Activity: All records are to be transcribed in full; any pictures among them are to be skipped.

Segment Start: Exercise input

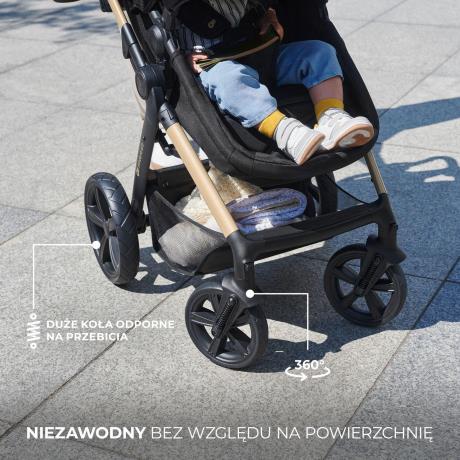 Універсальна коляска 3 в 1 Kinderkraft Moov 2 Pure Black (KSMOOV02BLKEV00) - фото 11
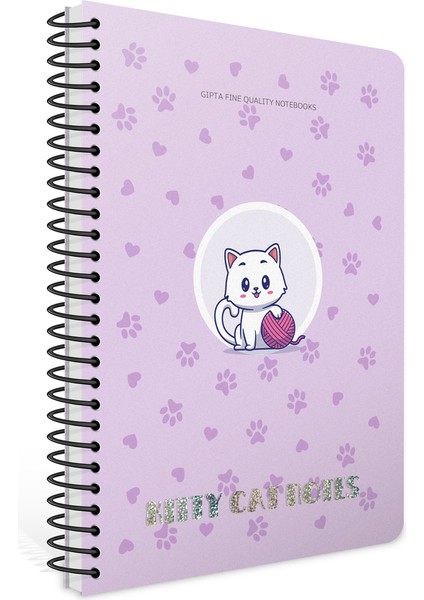 7281 Kıtty Cat A4 100 Yp Çizgili Spr Pp Kapak Defter
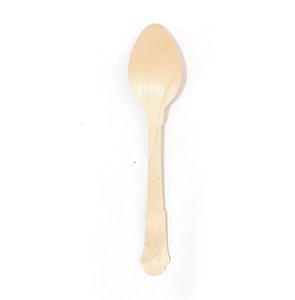 Petite Cuillère en Bois - Lot de 10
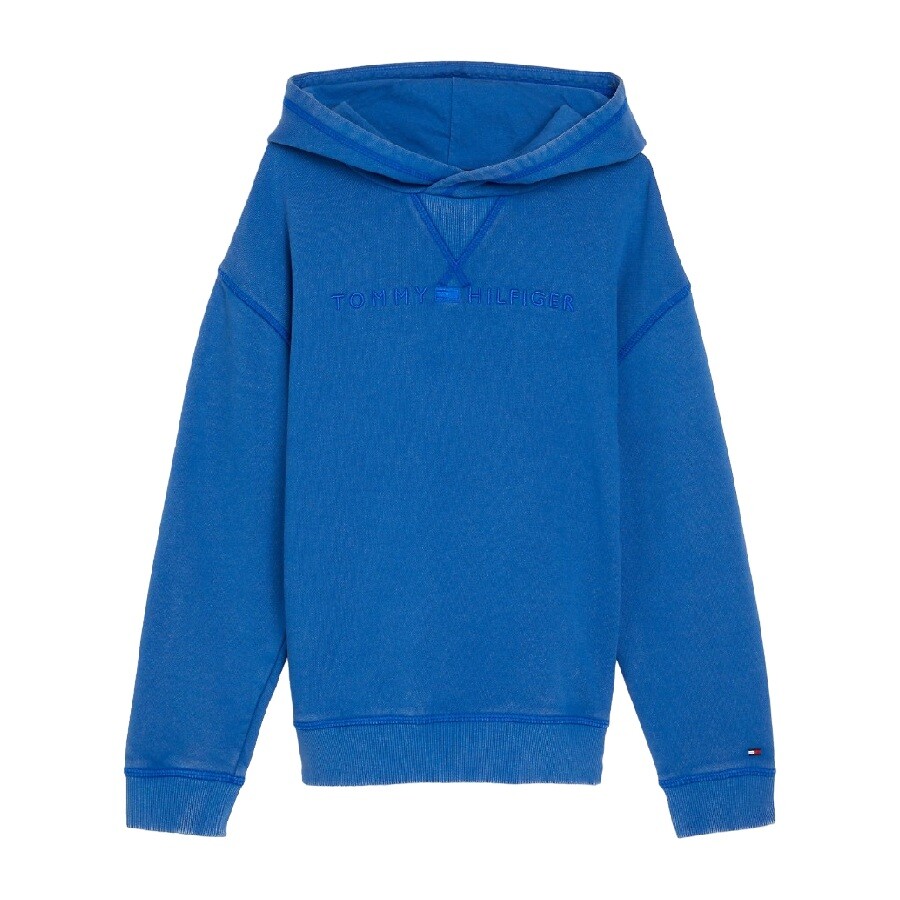 

Толстовка Tommy Hilfiger Kids' Tonal Logo, синий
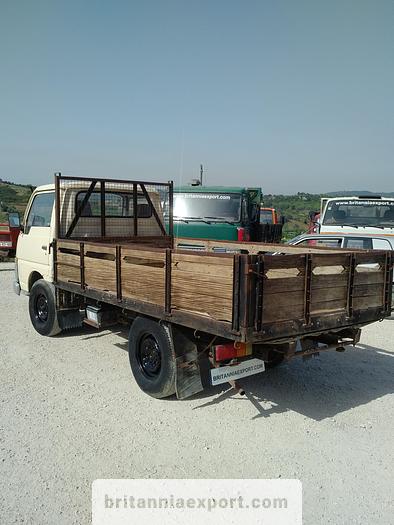 Used 1986 Nissan Cabstar F22 SD25 pickup truck.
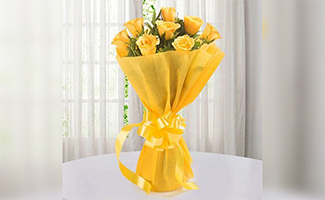 Yellow Roses Friendship Bouquets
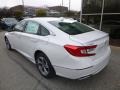 2018 Platinum White Pearl Honda Accord EX-L Sedan  photo #2
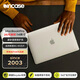 INCASEDots適用于26/25款蘋果MacBook Pro14英寸新款M5/4蘋果筆記本電腦保護殼纖薄便攜磨砂透明色
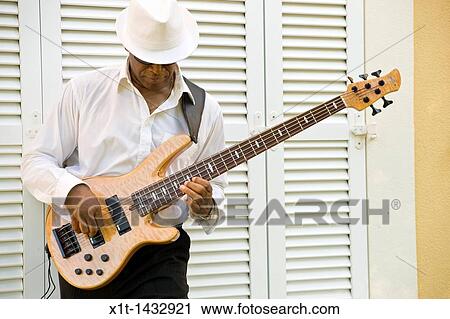 Man playing guitar. View Large Photo Image Stock Image - Man playing guitar.. Fotosearch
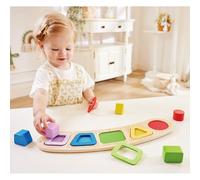 Hape Rompecabezas de clasificación de colores y formas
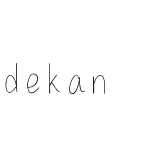 dekan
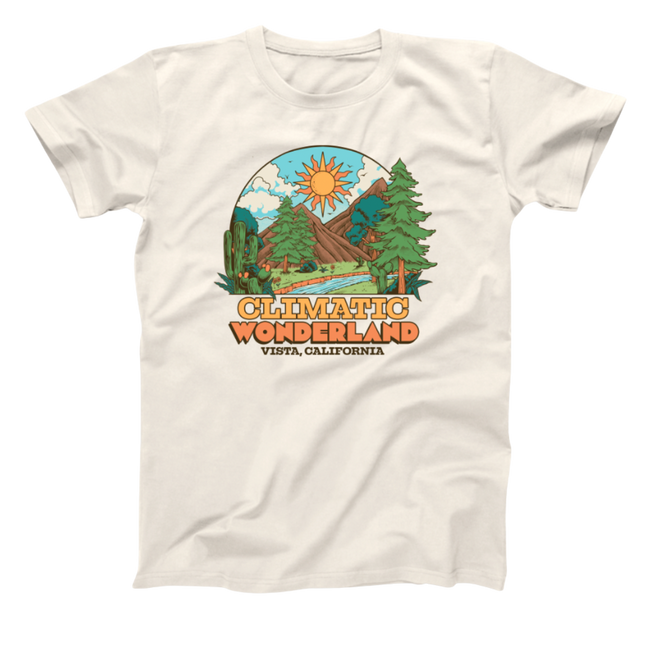 Vista Climatic Wonderland Unisex Tee
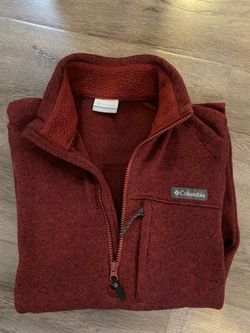 Columbia Men’s 1/4 zip fleece pullover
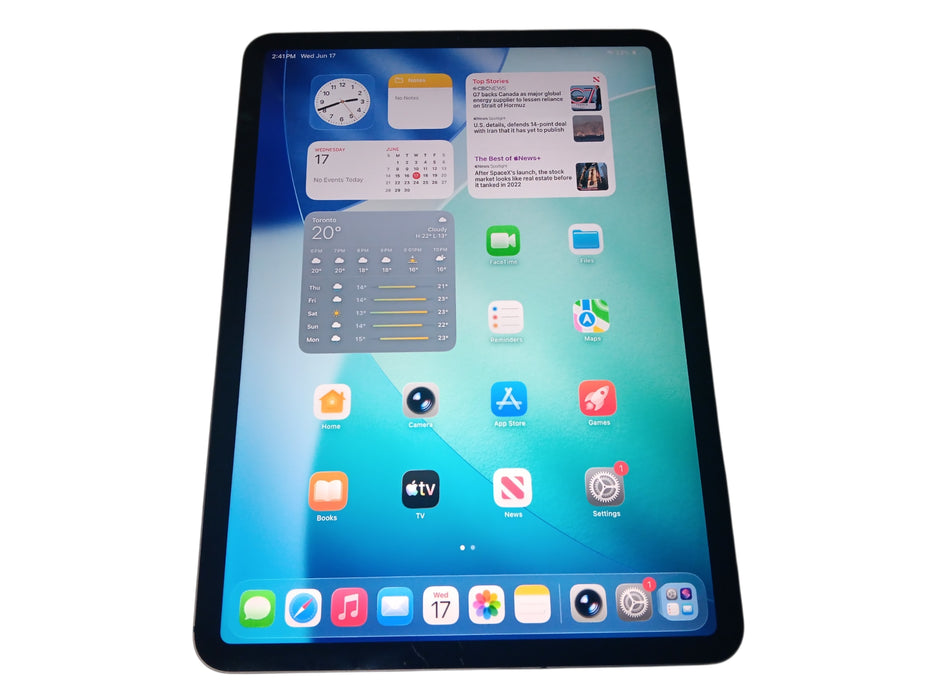 Apple iPad Pro 11-inch 1st Gen - 64GB - Space Gray [A2013]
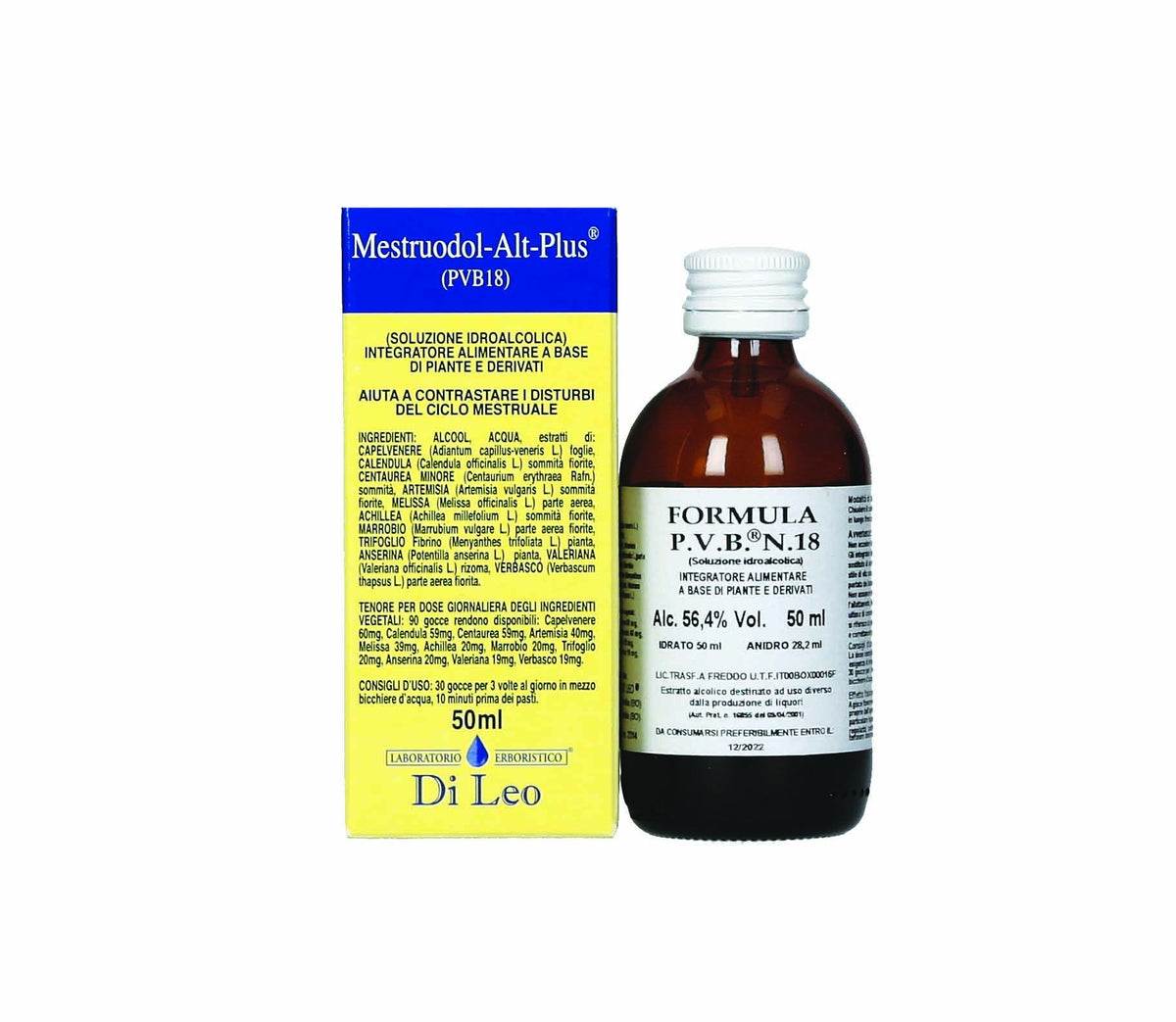 Mestruodol-Alt-Plus® (PVB18) – 50ml  LABORATORIO ERBORISTICO DI LEO   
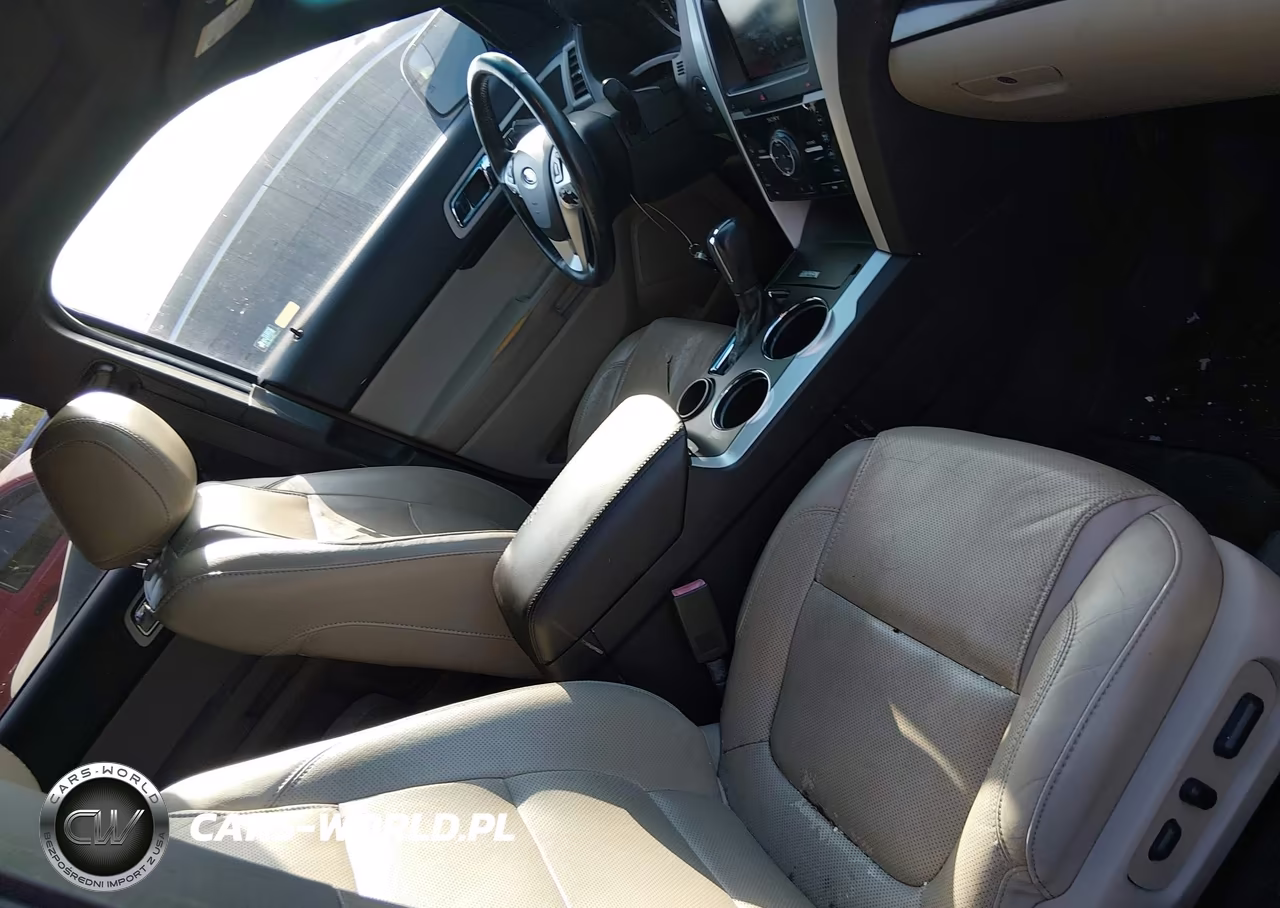2014 Ford Explorer Limited VIN:1FM5K7F80EGB17514 - 5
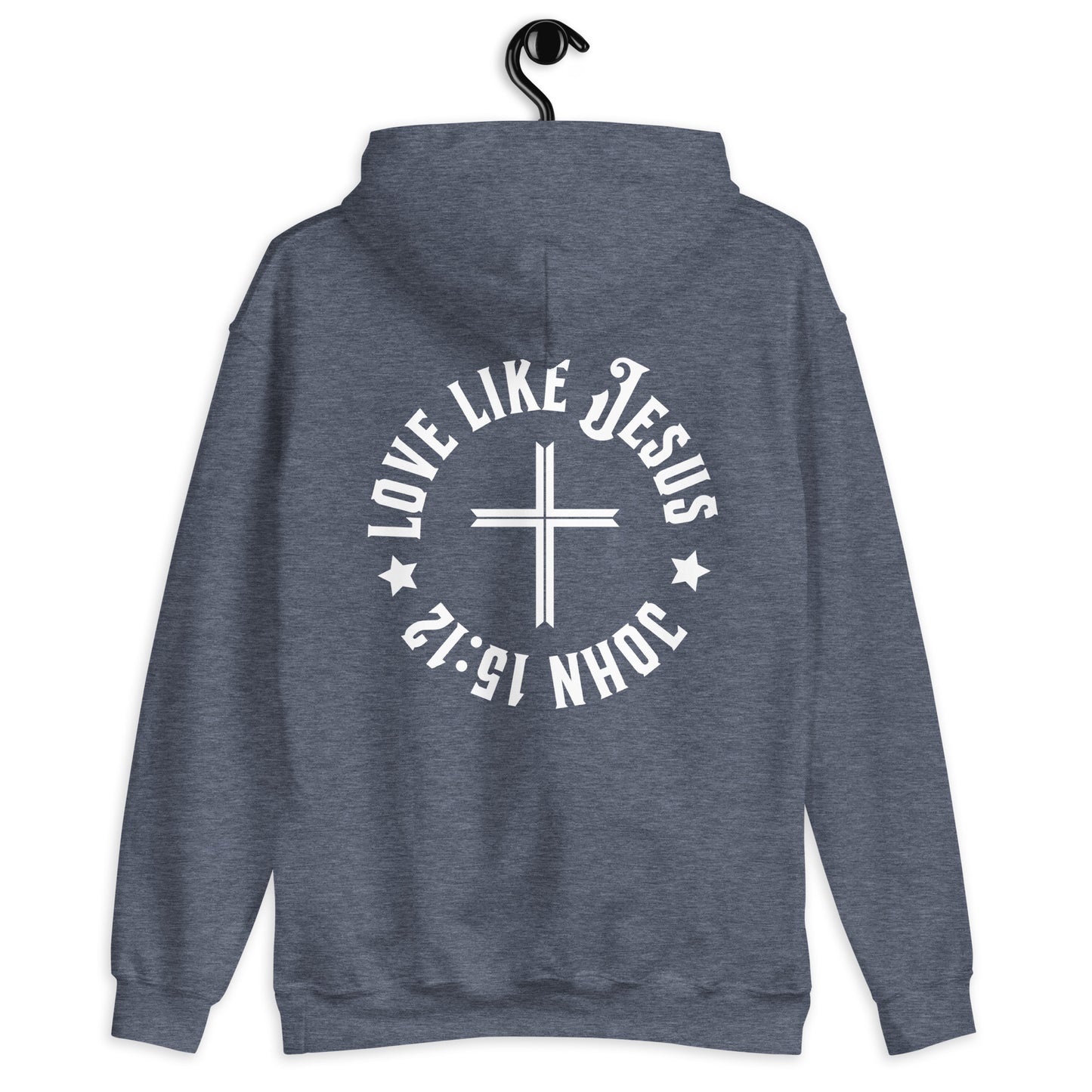 Love Like Jesus Unisex Hoodie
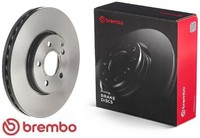 2X Bremsscheibe Brembo 09.A447.11 2 Bremsscheiben Vorderachse Vorne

Segment End: Exercise input

Answer space:
 Універсальна коляска 3 в 1 Kinderkraft Moov 2 Pure Black (KSMOOV02BLKEV00) - фото 11
 7281 Kıtty Cat A4 100 Yp Çizgili Spr Pp Kapak Defter
 Petite Cuillère en Bois - Lot de 10

Толстовка Tommy Hilfiger Kids' Tonal Logo, синий
 Used 1986 Nissan Cabstar F22 SD25 pickup truck.
 Yellow Roses Friendship Bouquets
 2018 Platinum White Pearl Honda Accord EX-L Sedan  photo #2
 INCASEDots適用于26/25款蘋果MacBook Pro14英寸新款M5/4蘋果筆記本電腦保護殼纖薄便攜磨砂透明色
 Man playing guitar. View Large Photo Image Stock Image - Man playing guitar.. Fotosearch
 Hape Rompecabezas de clasificación de colores y formas
 dekan
 Vista Climatic Wonderland Unisex Tee
 Columbia Men’s 1/4 zip fleece pullover
 Apple iPad Pro 11-inch 1st Gen - 64GB - Space Gray [A2013]
 Mestruodol-Alt-Plus® (PVB18) – 50ml  LABORATORIO ERBORISTICO DI LEO   
2014 Ford Explorer Limited VIN:1FM5K7F80EGB17514 - 5
 Love Like Jesus Unisex Hoodie
 2X Bremsscheibe Brembo 09.A447.11 2 Bremsscheiben Vorderachse Vorne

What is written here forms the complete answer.